Algo que se reconoce casi inmediatamente en su producción, es la cercanía con la tradición fotorreportera francesa —de la cual se siente heredero—, patente en la obra de Henri Cartier-Bresson, André Kertész, Brassaï o su mentor y amigo, Robert Doisneau, de quien bebió el espíritu del periodismo gráfico y que lo llevó a registrar momentos trascendentales como la caída del Muro de Berlín o la excarcelación de Nelson Mandela en 1990.
En otro espacio McCurry, el multipremiado fotógrafo, se nos presenta como un relator de una realidad sui géneris, que a veces nos deja perplejos por el desconocimiento y que, en sí, se vuelve vistosa, elegante y bonita. Y no desecho o estigmatizo esta otra manera de interpretar la realidad, que es válida también sino que, en mi opinión, tiene un impacto diferente a la crudeza o el encanto que Turnley nos deja en la memoria. McCurry es un narrador de otro tipo de historias, tal vez más comprometido con el tiempo o con navegar en aguas profundas en una sola dirección temporal. Tal nos deja ver en sus series sobre la India. Pero para quienes no conocen su obra, McCurry debe revelarse como uno de los fotorreporteros más versátiles de su tiempo. Su carrera lo ha llevado a vivir también conflictos y luchas armadas en Pakistán y en Afganistán, durante la invasión soviética —reportaje que le mereció el Premio Robert Capa y la Medalla de Oro al mejor trabajo periodístico—, las guerras entre Irán e Iraq, los levantamientos civiles de Camboya y el Líbano, la lucha insurgente islámica en Filipinas, y la Guerra del Golfo.
Pero su obra tiene otro tipo de refinamiento. Es más intimista, más melancólica y, a veces, se torna casi pictorrealista, pues da la sensación de estar delante de una pintura, donde el color y la composición te subyugan. Es un fotógrafo de luces y de escalas que ha merecido, entre muchos, el premio Fotógrafo de Revista del Año, entregado por la National Press Photographers Association, y en cuatro ocasiones —algo sin precedentes— el primer premio del World Press Photo.

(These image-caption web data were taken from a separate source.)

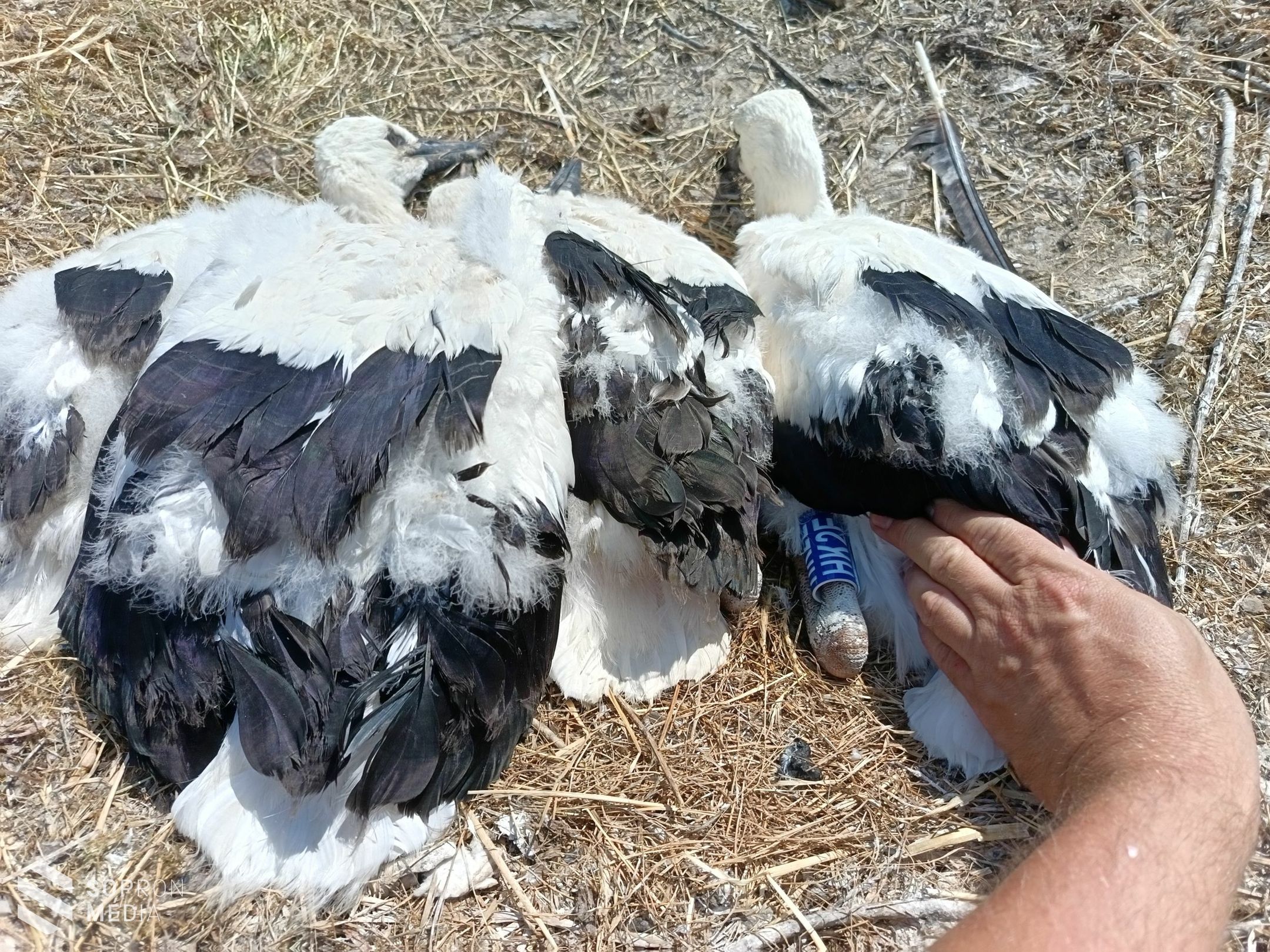 199 településen 297 fészeknél 915 gólyafióka gyűrűzésében segített az E.ON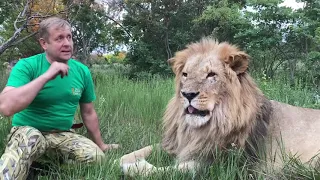 Лев Султан ВОШЕЛ В ПРАЙД ВОЖАКА ! Russian Lion man !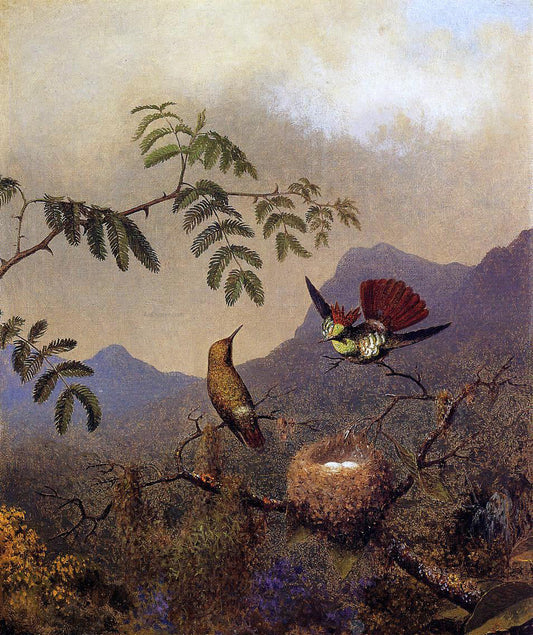 Martin Johnson Heade Frilled Coquette - Canvas Print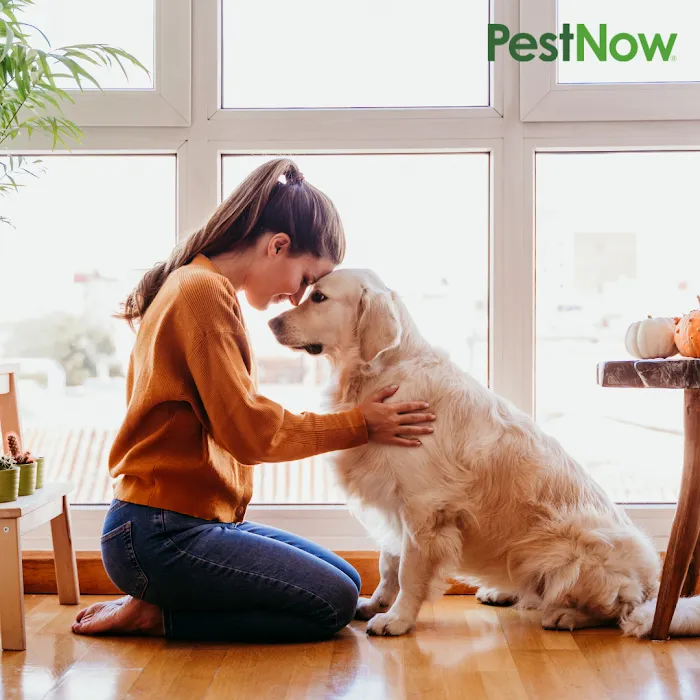 PestNow Picture 6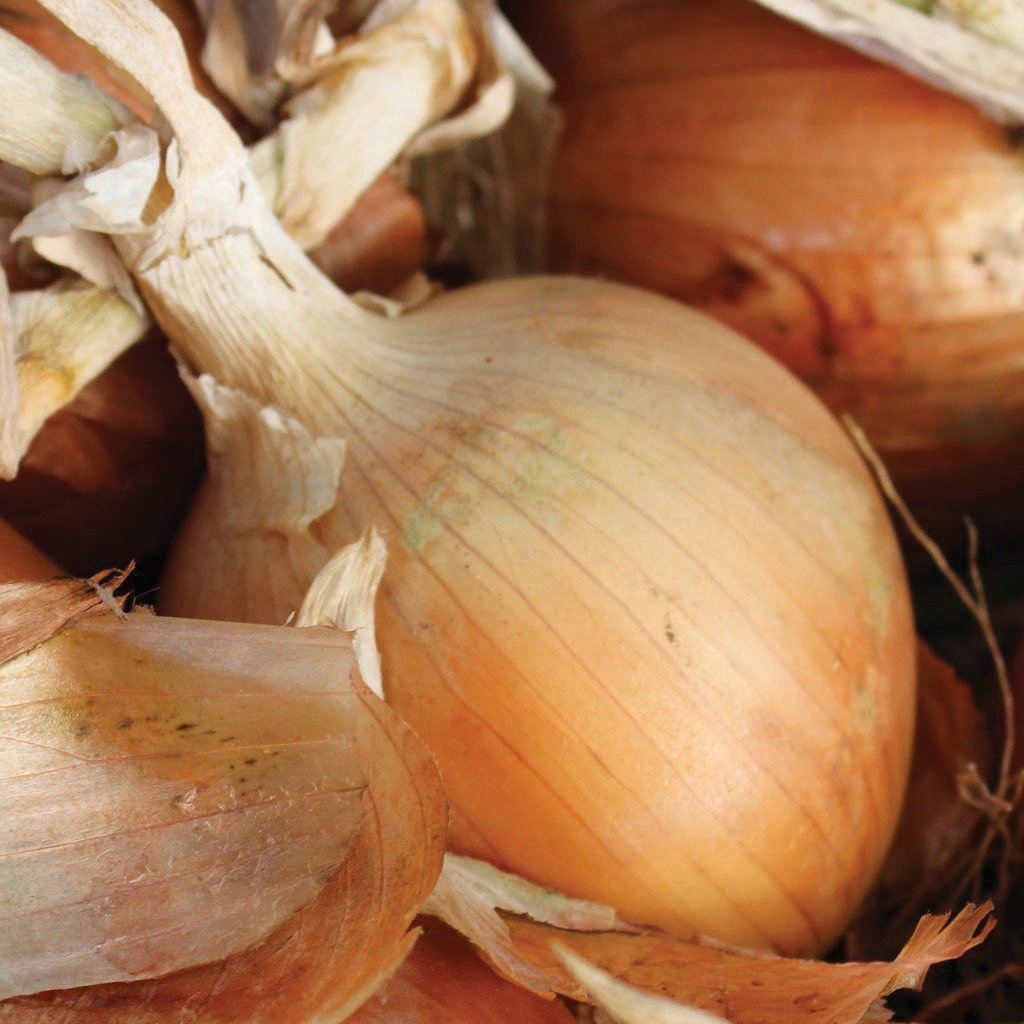 Texas Early Grano 502 onion bulbs with light brown papery skins on Tampa Home & Garden Store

Turnley y McCurry interpretan esta vez un duelo de fuerza donde el ganador es, sin duda, el espectador; donde se patentiza esa proposición de la realidad que Wittgenstein definió en pocas palabras: «Es claro que por muy diferente del real que se imagine un mundo debe tener algo —una forma— en común con el mundo real». Esa es la sustancia que determina la forma y no la propiedad material. Fotografías de fuerza y de expresividad, que aluden a un sentido intenso, inteligente y sagaz. Fotografías profundas, difíciles de ignorar frente a las cuales nadie pasa impávido, de las que todos hablan y comentan, rememora o quieren, simplemente, rescatar para su memoria tomándose una foto junto a ellas, en claro recuerdo y como manera muy personal de sentirse partícipes y de haber visitado una exposición excepcional.